De la différence dans les rapports de l'Esprit et de la Matière avec l'Inconnaissable, que tous deux représentent, résulte aussi une différence d'efficacité entre la négation matérielle et la négation spirituelle.

Les temps sont donc venus où le monde doit s'orienter vers une affirmation nouvelle et plus globale, dans le domaine de la pensée et dans celui de l'expérience intérieure et extérieure, et, par conséquent, vers de nouvelles et plus riches réalisations de soi dans une existence humaine intégrale, pour l'individu et pour l'humanité.

C'est Cela qui échappe à toute définition et à toute description, et qui pourtant est non seulement réel, mais accessible.
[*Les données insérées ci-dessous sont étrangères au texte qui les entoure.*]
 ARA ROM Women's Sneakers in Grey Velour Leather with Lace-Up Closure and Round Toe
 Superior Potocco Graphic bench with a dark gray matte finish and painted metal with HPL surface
Quelle que soit la voie que nous parcourions, Cela est toujours le terme auquel nous parvenons et nous ne pouvons y échapper qu'en refusant d'achever le voyage.

Réalité inconnaissable

Une certaine forme d'agnosticisme (admettre l'existence de l'Inconnaissable) est la vérité finale de toute connaissance. En effet, quel que soit le chemin, quand nous arrivons à son terme, l'univers ne nous apparaît plus que comme le symbole ou l'apparence d'une Réalité inconnaissable qui se traduit ici en différents systèmes de valeurs, valeurs physiques, vitales et sensorielles, valeurs intellectuelles, idéales, spirituelles.
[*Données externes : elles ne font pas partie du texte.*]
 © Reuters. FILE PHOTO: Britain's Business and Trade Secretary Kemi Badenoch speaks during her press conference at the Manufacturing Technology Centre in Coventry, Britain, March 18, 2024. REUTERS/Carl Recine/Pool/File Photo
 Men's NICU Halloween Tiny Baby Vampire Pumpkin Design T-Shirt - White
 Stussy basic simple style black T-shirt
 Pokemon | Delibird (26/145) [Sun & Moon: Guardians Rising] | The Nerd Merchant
Et plus Cela devient réel pour nous, plus Cela nous paraît transcender toute pensée et ses définitions, toute expression et ses formules. "Le Mental n'y atteint point, non plus que la parole". Cependant, de même qu'il est possible d'exagérer, avec les illusionnistes, l'irréalité de l'apparence, de même il est possible d'exagérer l'inconnaissabilité de l'Inconnaissable. Quand nous disons qu'Il est inconnaissable, nous voulons dire en réalité qu'Il ne peut être appréhendé par la pensée et le langage, instruments qui s'appuient toujours sur le sens de la différence et s'expriment au moyen de définitions; mais s'Il n'est pas connaissable par la pensée, Il peut être atteint par un suprême effort de la conscience.

Il y a même une certaine Connaissance par Identité qui, en un sens, permet de Le connaître. Cette Connaissance ne peut certes pas être traduite avec succès dans les termes de la pensée et du langage, mais quand nous l'avons atteinte, elle entraîne une réévaluation de Cela dans les symboles de notre conscience cosmique, couvrant non point un seul domaine mais toute l'étendue du champ symbolique. Cela produit une révolution de l'être intérieur qui, à son tour, produit une révolution dans notre vie extérieure.

L'Inconnu n'est pas l'Inconnaissable; il ne reste pour nous l'inconnu que si nous tenons à notre ignorance ou persistons dans nos premières limitations. Car à toutes les choses qui ne sont pas inconnaissables, à toutes les choses de l'univers, correspondent, dans cet univers, des facultés capables d'en prendre connaissance; et en l'homme, le microcosme, ces facultés existent toujours et, à un certain stade, peuvent être développées. Certes, nous pouvons choisir de ne pas les cultiver, et, là où elles le sont en partie, de les décourager et de leur imposer une sorte d'atrophie. Mais, fondamentalement, toute connaissance possible est une connaissance accessible à l'humanité.